Juegos
Por Antonio Esteban Agüero (*)
Todo me es como fiesta: el mundo y sus muchedumbres de cosas, la vida y su mar de criaturas. Todo fiesta, hasta el dolor y la muerte fiesta y goce. Y así desde que era muy niño. Nunca tuve necesidad de juguetes comprados, para qué, si allí de los ojos tenía el arroyo, las altas y profundas alamedas con pájaros, el maizal, los huertos, los sembrados, las sierras.

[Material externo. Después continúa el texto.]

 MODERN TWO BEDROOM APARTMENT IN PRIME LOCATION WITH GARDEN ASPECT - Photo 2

Si había mariposas y luciérnagas en verano, y el viento sobre la muerta hojarasca de otoño, y la primavera como un país nunca conquistado.
Nada era viejo bajo el sol en mi insaciable avidez. Ni siquiera el rostro de la gente que tenía a mi lado y miraba todos los días: los ojos de mi hermano menor, la blanca frente tranquila de mi madre, el gesto y la voz de las criadas, de los peones, del muchacho a cuyo cargo estaban el caballo y la vaca.

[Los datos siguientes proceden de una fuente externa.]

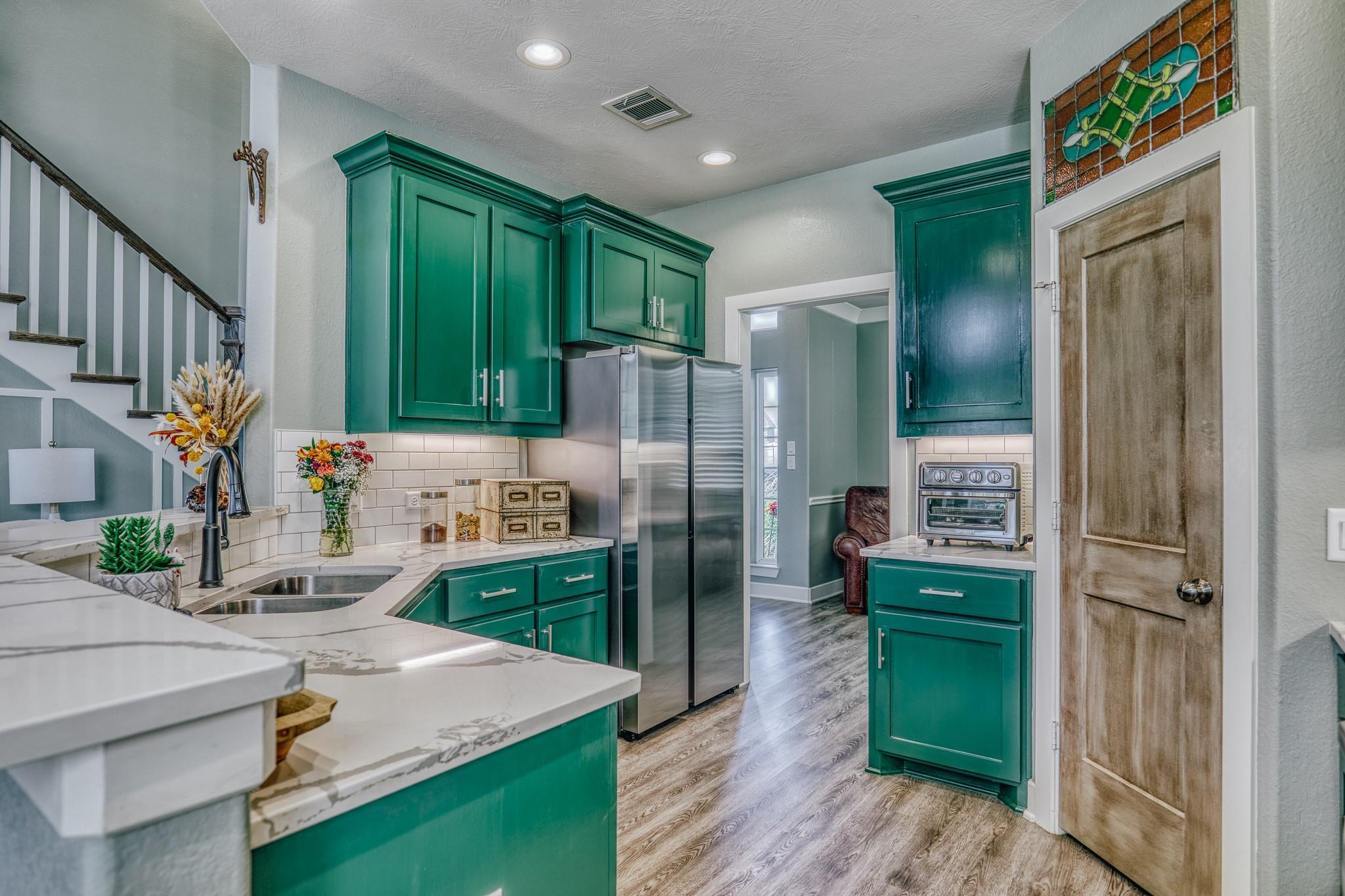 1704 Twin Oaks Circle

No he podido acostumbrarme a nada, a ningún espectáculo por más cotidiano que fuere.
Mentía el Rey salomón, a pesar de ser poeta. Todo es nuevo bajo el sol: y más aún bajo la luna.
Y los sentidos carecen de memoria, como que es lo único inocentemente animal de que pueda envanecerse el hombre.
Nunca he sentido deseos de viajar. Tampoco ahora lo deseo.
Estarse en un mismo lugar inmóvil con los sentidos alertas y sanos y con el alma tan llena de sensibilidad como una herida incurable, desangrándose siempre vale tanto como viajar.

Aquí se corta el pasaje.